社会では、ものを知らない、つまり知識がない人間を馬鹿にする風潮がある。馬鹿とは無知だ、と認識されている。だから、人を馬鹿にしたいとき、「こんなことも知らないのか」と罵った。今でも、この認識は根強く、議論で相手を攻撃するときにも、知識不足を非難したり、間違った知識を持っていることを指摘する。
このような「知っている」能力は、現代ではほぼ無価値になりつつあることに、まだ気づいていないのかもしれない。知らないのではなく、気づいていないのである。
記憶を再生する作業では、精確さが問題になる。
一方で、「思いつく」能力は、訓練する方法が確立されていない。どのように教育すれば良いのかも曖昧なままで、稀に現れる天才を待つしかなかった。
記憶と再生の能力(記憶力)は、現代ではほぼ不要となり、せいぜいクイズ番組で人気者になれる程度まで価値が下落した。AIの普及で恐れ慄いているのは、このような訓練で「賢さ」を鍛錬してきた人たちだろう。
【頭は知識で肥満になる】
その記憶力も、実は方法を教えてもらうようなことはなかったといえる。勉強というのは、記憶力を育むというよりは、ひたすらインプットを繰り返すだけだった。いわゆる「詰め込み」教育といわれる所以である。沢山詰め込めば、忘れてしまうものはあっても、記憶に残るものは確実に増えるはずだ、という信念で行われていた。
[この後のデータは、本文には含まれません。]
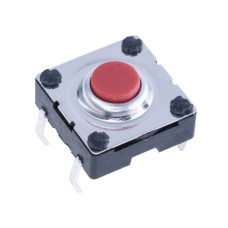 Кнопка тактова 10x10x5mm WS-M010-5.0 Daier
一方では、発想や思いつきを体感できる数学は、この教育からは早期に外されてしまい、日本特有の「文系」という言い訳によって、詰め込んだ量を測るだけの試験に通れば高学歴をゲットできる社会が長く続いている。
さて、僕はこれが悪いといっているのではない。このようにしたい人たちが多かったからこうなった、というだけであり、皆さんの思ったとおりになりましたね、という感想しか抱いていない。「このままでは、将来こうなりますよ」と自分の意見はたまに述べてきたし、そのとおりの現状だといえるので、「なるようになる」ことが証明された。
社会は豊かになり、経済的にも発展したので、全然悪くない。幸運にも、わりと良い社会になったと思っている。
ただ、さらなる発展をもし期待するのなら、やはり誰かが「発想」しなければならないだろう。それが日本以外から生じれば、日本の経済はジリ貧になっていく、というだけの話で、僕的にはなにも困った状況ではない。世界の誰かが新しいことを思いつけば、それは世界中に広がり、大勢の幸せに寄与するだろう。
繰返しになるけれど、「発想」に必要なものは、「無関係」な思考であり、別の言葉にすると、それは「無知」な状態ともいえる。「知らない」ことを蔑むような人たちには、ここが理解できない。知らないのではなく、理解していない。新しい発想は、「知らない」人から生まれる可能性が高い。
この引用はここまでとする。